### What the task asks:
First find the line with "Seawa Bus Nganjuk", then reproduce it and all following lines of the data to the end, exactly and with no pictures, adding nothing.

### Given data:

○ ○ ○

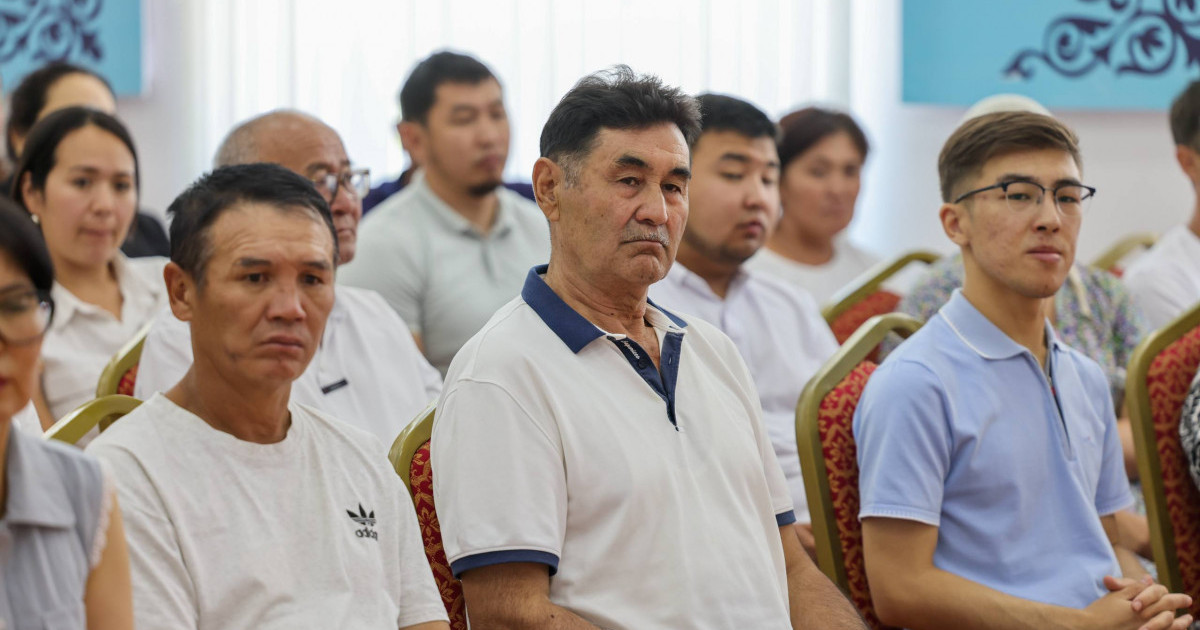  «Әділет» партиясы ауылдағы табыс табу мүмкіндігін арттырмақ: республикалық сайлауалды штаб Жамбыл облысына барды 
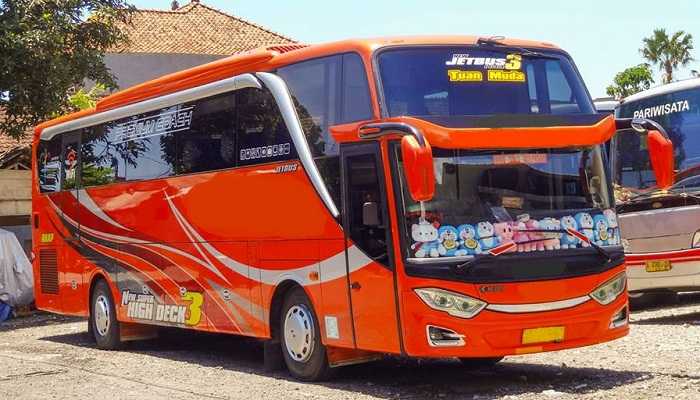 Seawa Bus Nganjuk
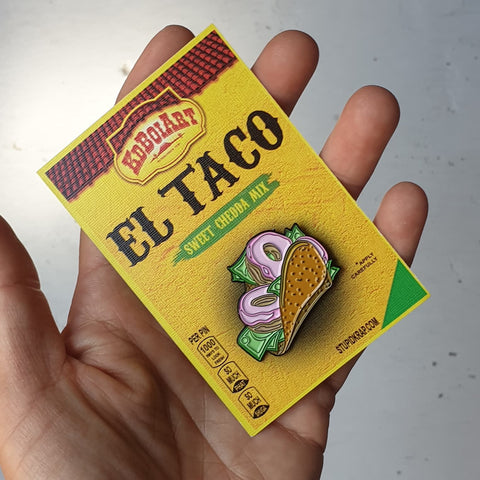 KYLE DESNOYERS - El Taco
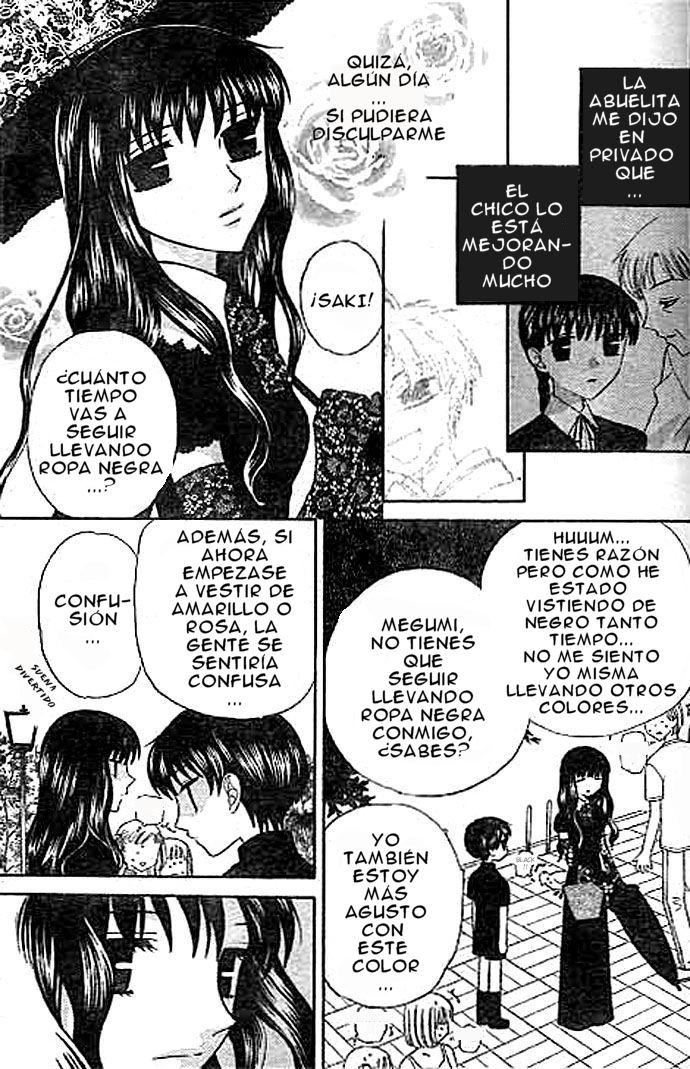 Read Fruits Basket (ES) Manga Online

○ ○ ○

### Solution to this task:
 Seawa Bus Nganjuk
 KYLE DESNOYERS - El Taco
 Read Fruits Basket (ES) Manga Online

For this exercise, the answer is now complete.